Dresses that aren’t nipped in give you more room for expansion and the free-flowing style might allow some cooling air to travel through to your midsection. Trimester’s Alijah Open Shoulder Dress is a good example, or if you prefer to show a little curve, bring it in at the bottom with Imanimo’s Marianne Dress in Chambray.

Airy boho tunics

A flowing viscose fabric, such as Esprit’s Airy Boho Tunic in Off-White is sure to keep you cool paired with some loose-fitting shorts or a pair of cropped pants. Its crochet-effect trim adds some pretty detail that also serves to allow air to your bust, making it a go-to top on extra hot days.

Relaxing shades

For hot days, it’s best to avoid bold colours and look-at-me patterns, and instead stick to clothing that’s a little more relaxed and neutral. Imanino’s Sue Chino Shorts in Sage will keep you cool and look great paired with Noppies’ Iry Embroidered Blouse.

Tank dresses

Floral print tank dresses are great for showing off a growing bump and are simple to wear and easy to layer using a plain navy blazer. Floressa’s Leanora Nursing Tank Dress is a great example and can be worn post-pregnancy for easy feeding.

Tips for staying cool

Because it takes twice the energy for your body to cool off when pregnant, it’s important you do everything you can to stay comfortable on hot days. Getting too hot can cause heat exhaustion, which is detrimental to both you and your baby’s health. Signs of heat exhaustion include muscle cramps, excessive sweating, weakness, dizziness, thirstiness and headaches.

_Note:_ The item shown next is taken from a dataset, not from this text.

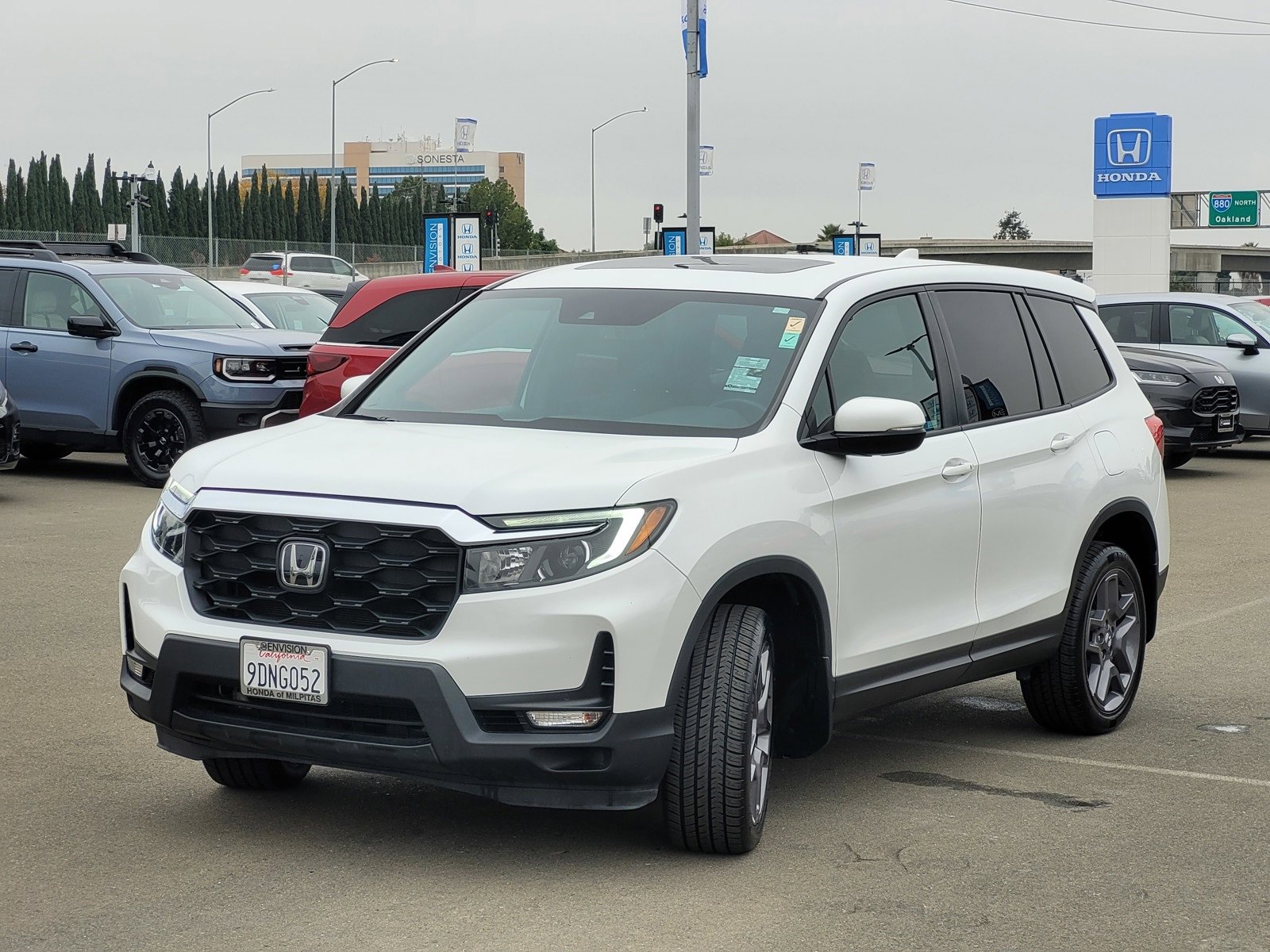 Certified 2022 Honda Passport EX-L image 9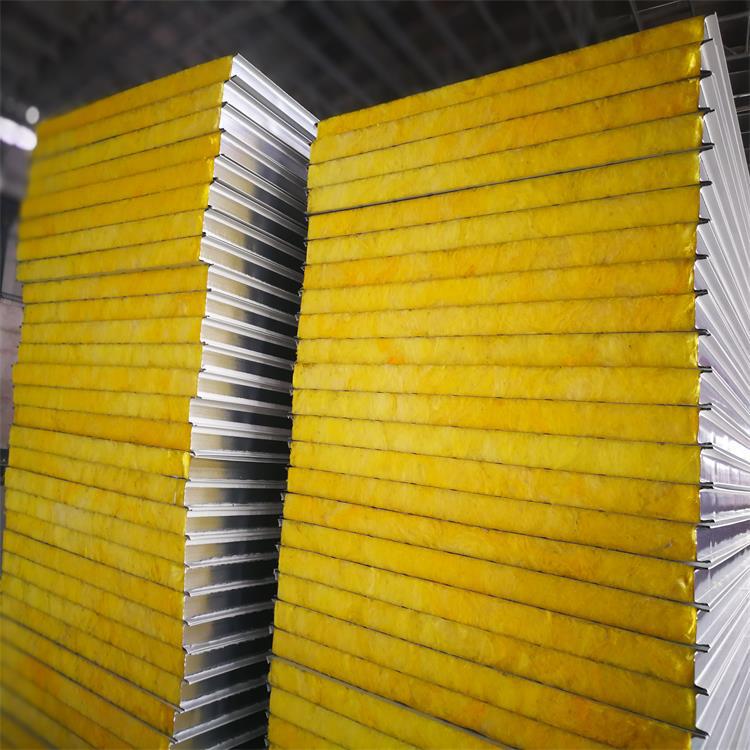 厂家 玻璃棉夹心板 彩钢夹芯板价格 防火板 隔热板 包送货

Should you notice any of these signs, follow these tips to get cool.

Drink plenty of water

Important whatever kind of day it is, drinking lots of water is crucial on a hot summer day when you’re perspiring and losing electrolytes. Drink water at a steady pace throughout the day, because if you’re thirsty, you’re already dehydrated.

Take a dip

If you have access to the beach or a swimming pool, make the most of it and go for a refreshing dip. Just make sure to smother yourself in sunscreen, as pregnant women are more susceptible to sunburn.

Have a shower

If you don’t have access to a pool or beach, try taking a cool shower. Taking regular showers throughout the day is a great way to manage your temperature on a hot day.

Carry a spray bottle

Misting yourself with cool water can be instantly cooling, even better if you have a spray bottle with a fan on the spout.

Avoid large or hot meals

When you gorge on a big meal, your metabolism has to work harder to burn the food off. This of course generates more heat in your body, subsequently raising your temperatures. Eat small, light meals like salads and avoid meals that are hot or use heavy sauces.

Stay indoors

Nothing helps you stay cool like staying indoors in air conditioning. It’s not practical to do this every day, but on those super hot days during January and February, it’s your safest bet for not overheating. If you must go out, try to avoid the hottest part of the day between 10am and 2pm.

Get some rest

Pop a fan by your bed and lay your head down to get some rest. Rest is important when you’re pregnant and if you’re hot and bothered, there’s no better time to lie down.